A Mini-Course on Computer Simulation Methods in Condensed Matter Physics
Date: September 9th, 2015
Time: 9:15am (1h)
Location: Seminar room MAINZ, Staudinger Weg 9, third floor, room 03-122
Lecture by Prof. Dr. David P. Landau
Center for Simulational Physics, The University of Georgia, USA
Using a classical model that treats atomic and spin degrees of freedom on an equal footing, we study phonon-magnon interactions in BCC iron with combined molecular and spin Dynamics methods. The atomic interactions are modeled via a many-body potential while spin dependent interactions are established through a Hamiltonian of the Heisenberg form, with a distance dependent magnetic exchange interaction.
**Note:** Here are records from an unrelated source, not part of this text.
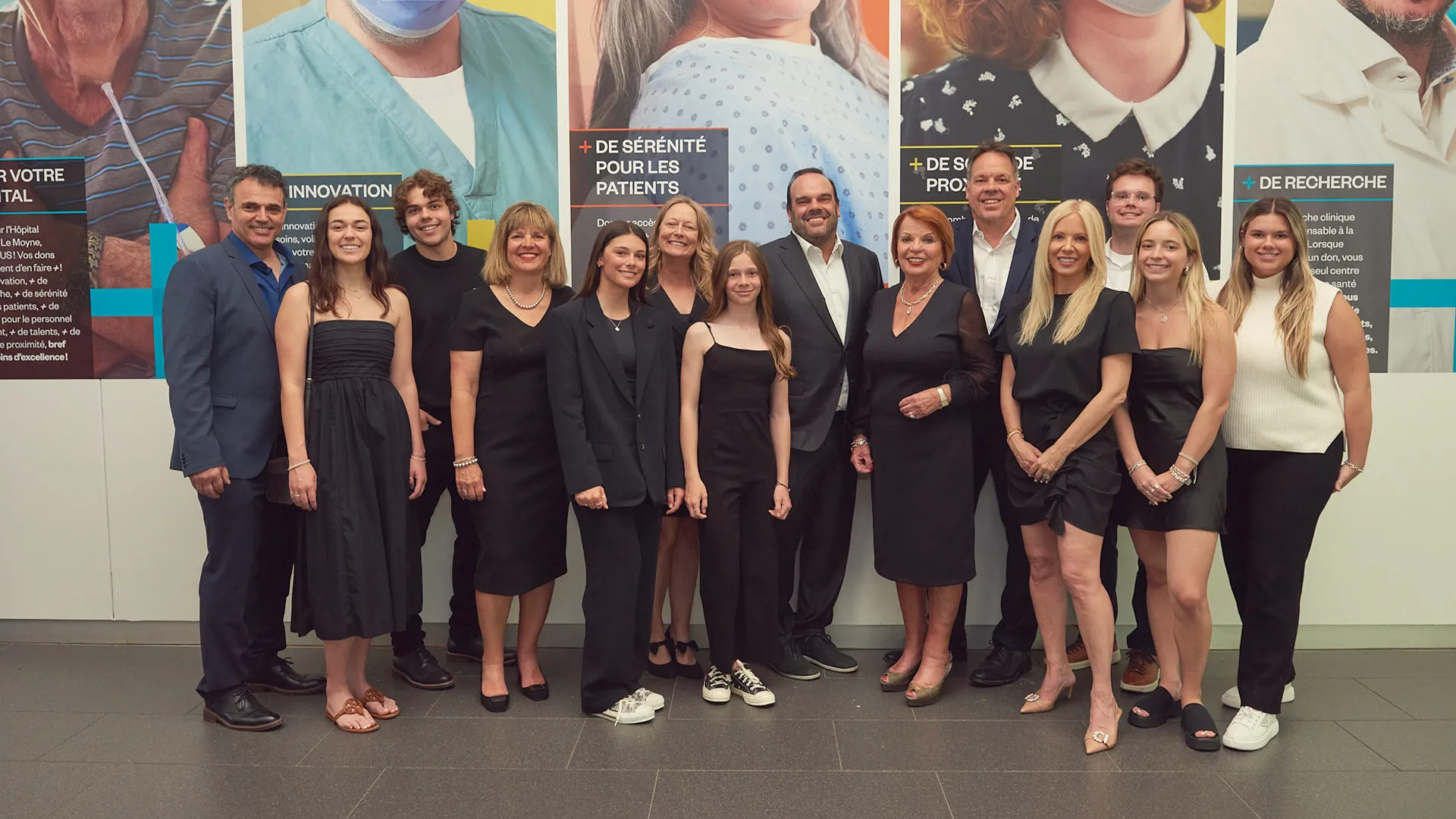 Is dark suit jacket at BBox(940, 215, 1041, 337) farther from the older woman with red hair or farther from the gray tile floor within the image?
→ the gray tile floor

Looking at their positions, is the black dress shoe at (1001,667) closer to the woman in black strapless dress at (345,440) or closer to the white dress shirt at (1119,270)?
the white dress shirt at (1119,270)

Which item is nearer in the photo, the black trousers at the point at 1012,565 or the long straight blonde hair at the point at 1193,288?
the long straight blonde hair at the point at 1193,288

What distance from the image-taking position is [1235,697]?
3.80m

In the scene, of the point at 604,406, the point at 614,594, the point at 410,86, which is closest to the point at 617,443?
the point at 604,406

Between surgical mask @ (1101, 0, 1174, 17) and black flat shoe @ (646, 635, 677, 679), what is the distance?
339 centimetres

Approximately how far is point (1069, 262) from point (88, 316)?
431cm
The temporal evolution of atomic and spin degrees of freedom was determined by numerically solving the coupled equations of motion, using an algorithm based on second- order Suzuki-Trotter decomposition of exponential operators. By calculating Fourier transforms of space- and time-displaced correlation functions, we demonstrate that noticeable softening and damping of magnon modes occur due to the presence of lattice vibrations. As a result of the phonon-magnon coupling, we also observe an additional, narrow longitudinal spin wave excitation, with the same frequency as the longitudinal phonon mode for the corresponding wave vector. This predicted new mode poses a challenge for experimental study.